Given a regular language $L$ over $\Sigma:=\{1,2,3\}$, is $Sort(L)$ context-free?

Question

Given an ordered alphabet $\Sigma$, denote $Sort(w)$ the word obtained from $w$ when ordering the characters of $w$ ascending. For a language $L$, define $Sort(L):=\{Sort(w) | w \in L \}$.

Let $L$ be a regular language over $\Sigma:=\{1,2,3\}$. is $Sort(L)$ context-free?

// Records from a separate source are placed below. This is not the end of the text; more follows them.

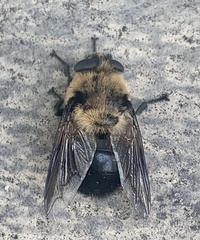 Cephenemyia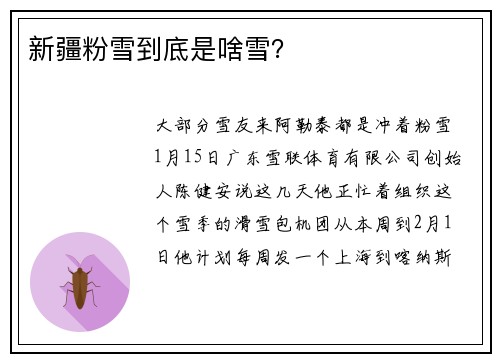 新疆粉雪到底是啥雪？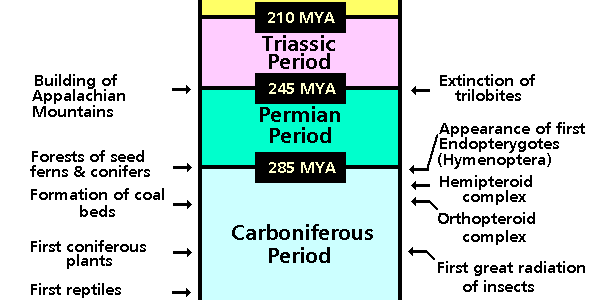 Timeline of entomology since 1900 - Wikiwand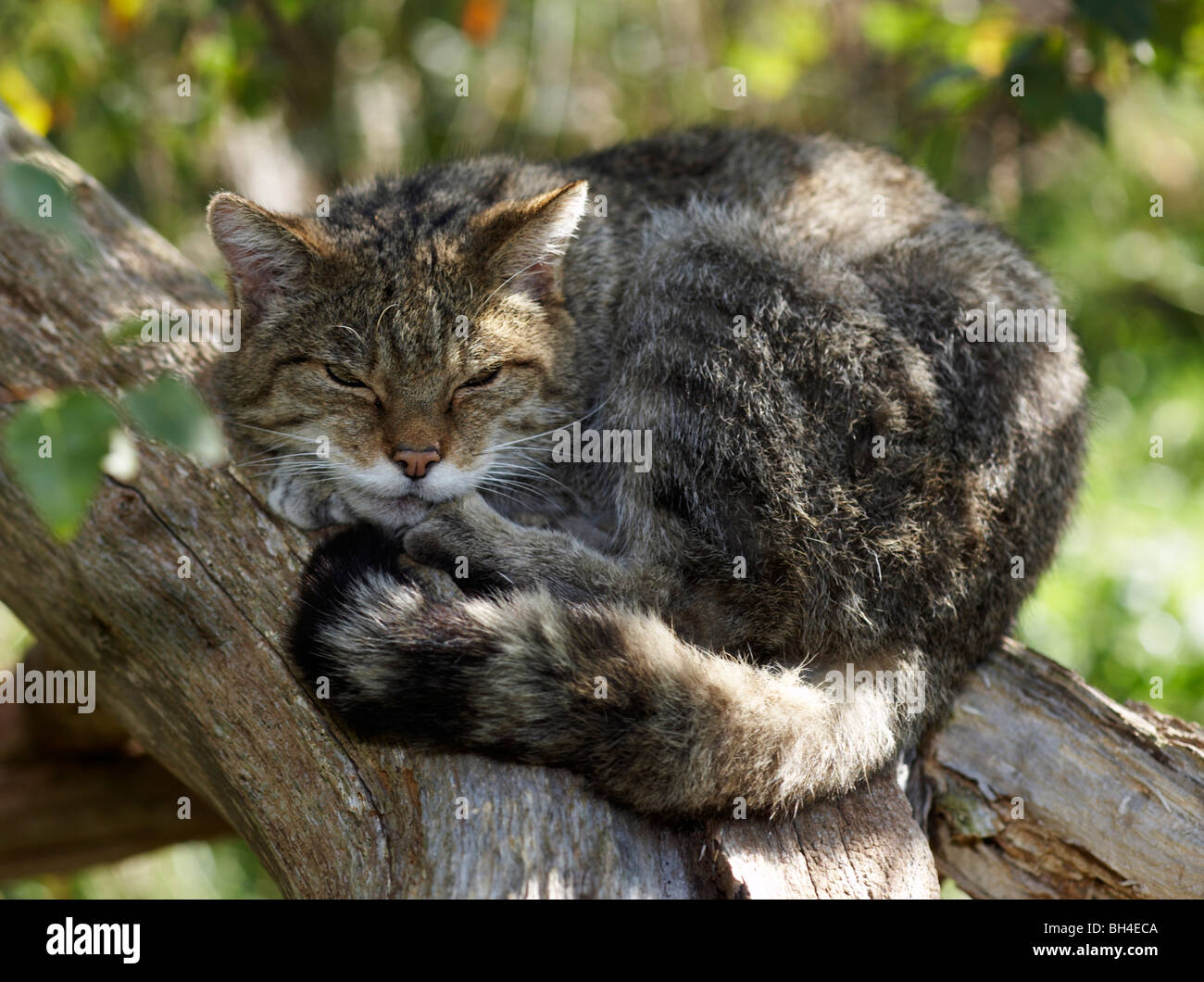 Scottish wild cat (Felis silvestris) sleeping on branch of tree in summer. Stock Photo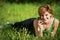 Beautiful girl talking on the phone on the grass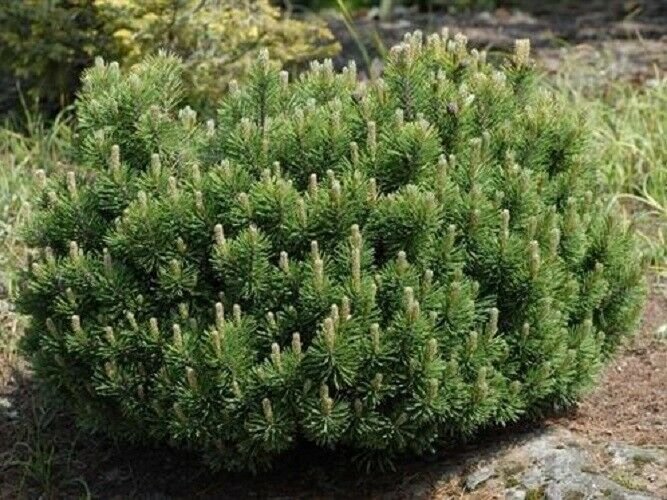 2 Plant Dwarf Mugo Pine - Live Plant KD001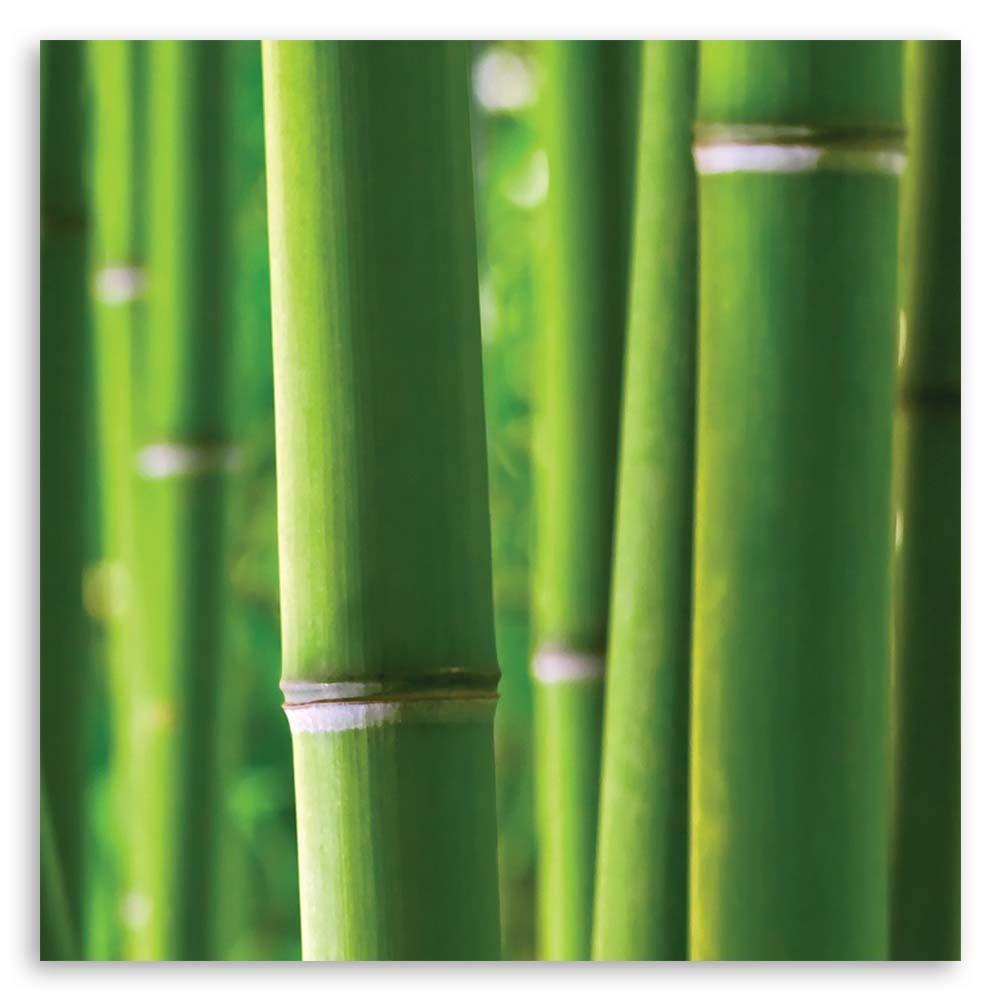 Canvas print, Bamboo details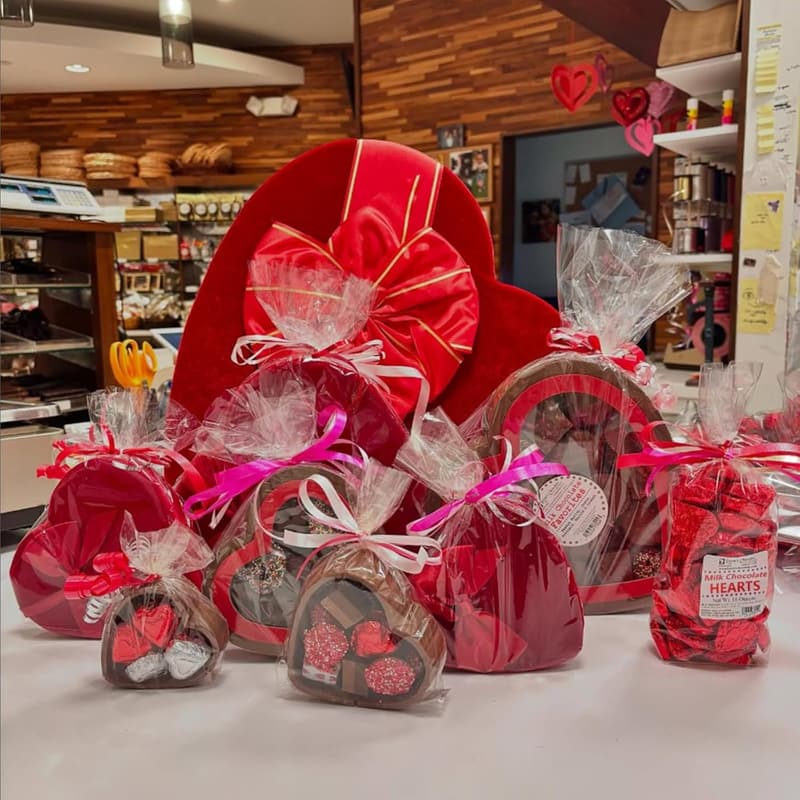 50 Pcs Clear Cellophane Gift Bags with Twist Ties for Parties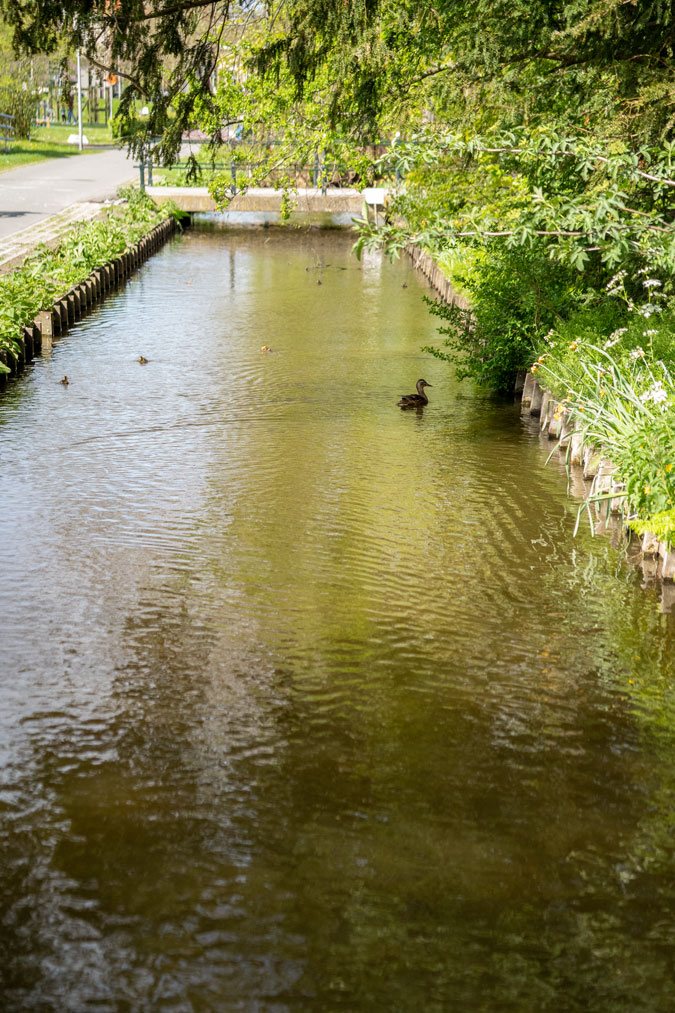 Mama duck trying to gather her children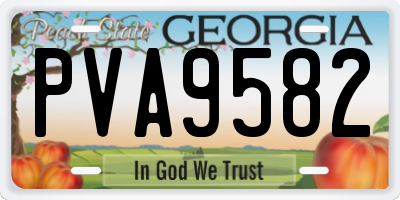 GA license plate PVA9582
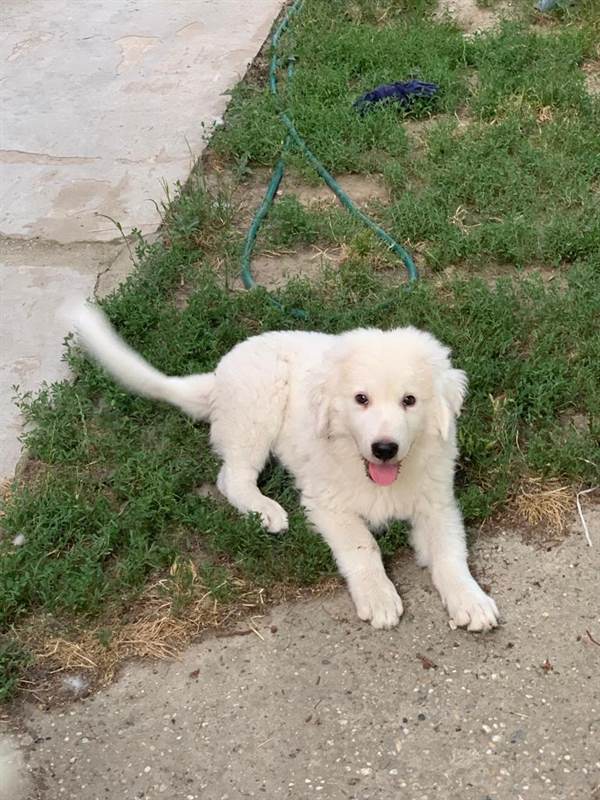 Pastore Razza maremmano abruzzese - Cani a Brescia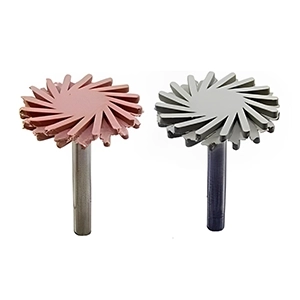 پالیشر خورشیدی EVE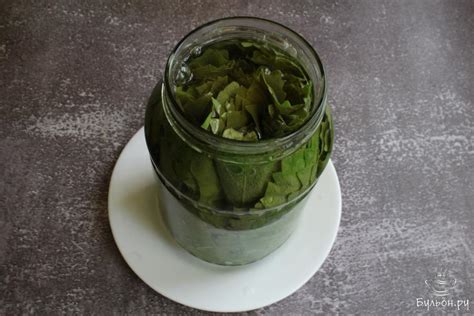 Маринованные виноградные листья на зиму | рецепт пошагово, фото, отзывы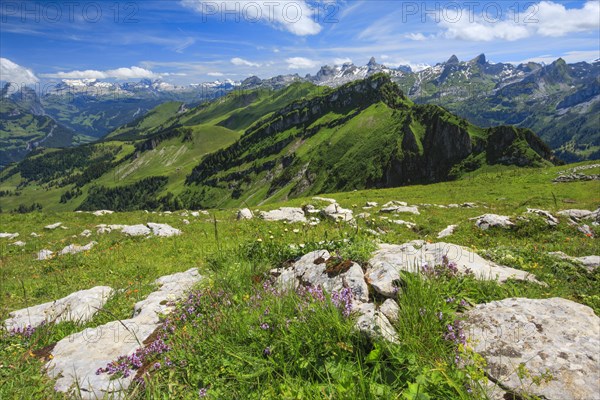 Swiss Alps with Chaiserstock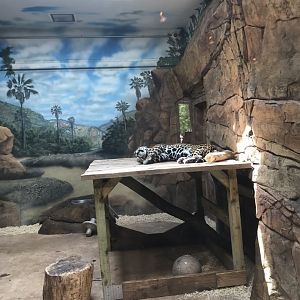 Elmwood Park Zoo-Trail of the Jaguar Building-Inka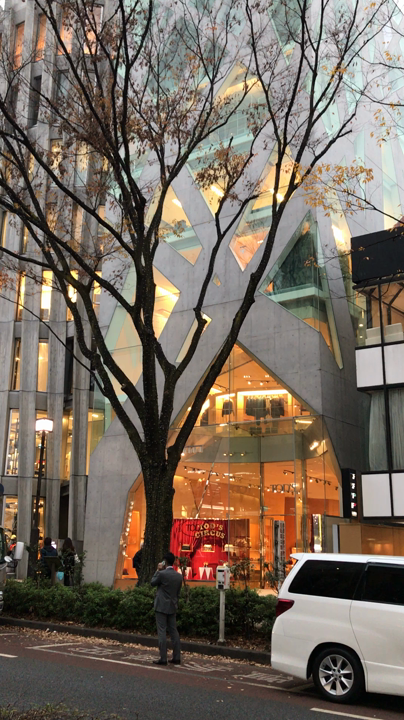 全景
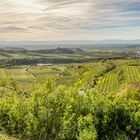 Frühlingszeit am Kaiserstuhl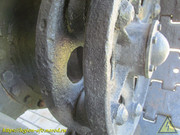 IMG-5451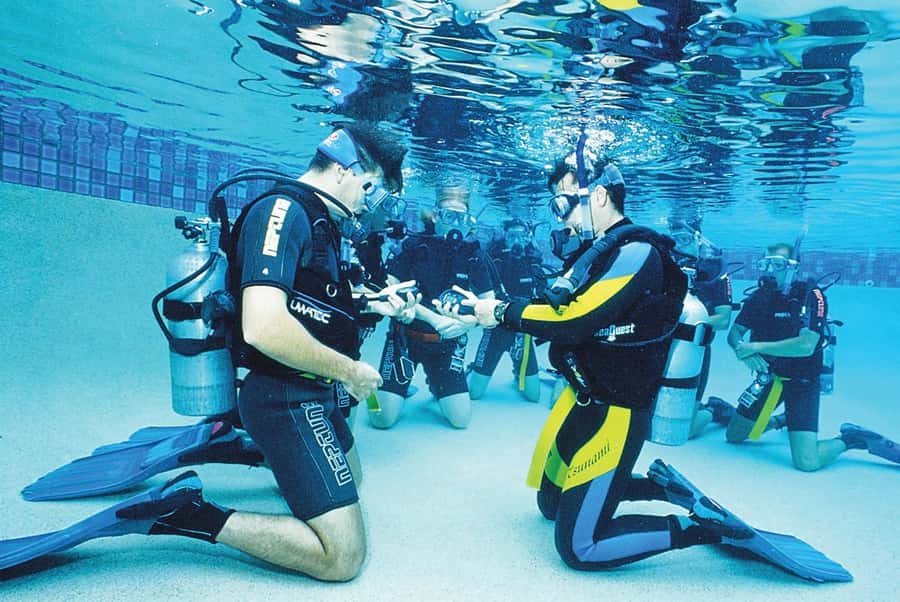 Sharm el Sheikh: PADI Diving Courses Package - The practical rhythm of a full course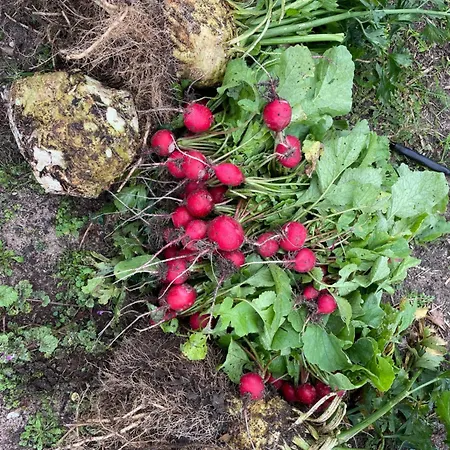 Henrita Im Elsass Nocleg ze śniadaniem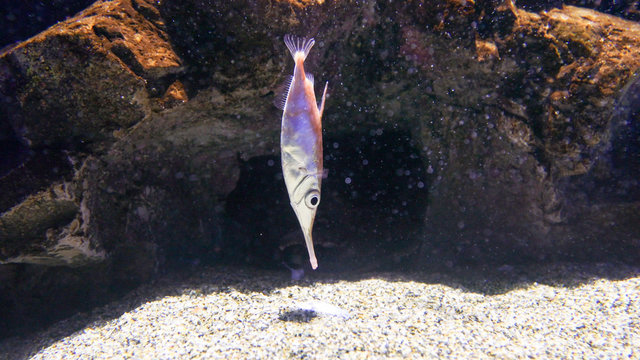 サギフエ　-Longspine snipefish-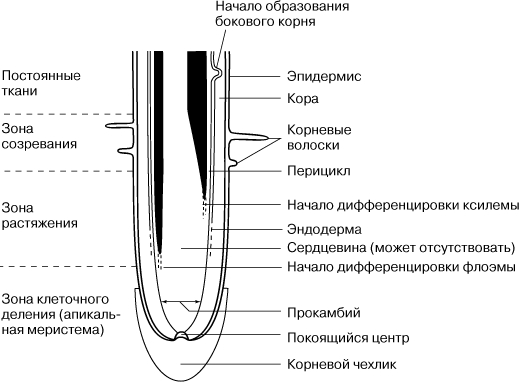какая наука изучает строение растений. Смотреть фото какая наука изучает строение растений. Смотреть картинку какая наука изучает строение растений. Картинка про какая наука изучает строение растений. Фото какая наука изучает строение растений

I understand why it is important that $|\Sigma| \leq 2$ (otherwise, we can construct a counter-example using the pumping lemma), but I'm not sure about $\Sigma:=\{1,2,3\}$. Any clues?

Answer 1

Let $L$ be the regular language $(abc)^*$. Then $Sort(L) = \{a^nb^nc^n \mid n \geqslant 0 \}$ is not context-free.

Answer 2

Posting the answer as a reference for others:

Construct a CFG using a minor change (in bold) to the algorithm that turns a DFA into a CFG:

1. Make a variable $R_i$ for each state $q_i$ of the DFA.
2. Add the rule $R_i \rightarrow \sigma R_j$ to the CFG if there is a DFA transition with a character $\sigma \neq b$ from state Ri to Rj, and a rule $R_i \rightarrow R_j b$ to the CFG if there is a DFA transition with the character b.
3. Add the rule $R_i \rightarrow \epsilon$ if $q_i$ is an accept state.
4. Make $R_0$ the start variable - where $q_0$ is the start state of DFA.

This constructs a CFG for Sort(L). Hence, it is context-free.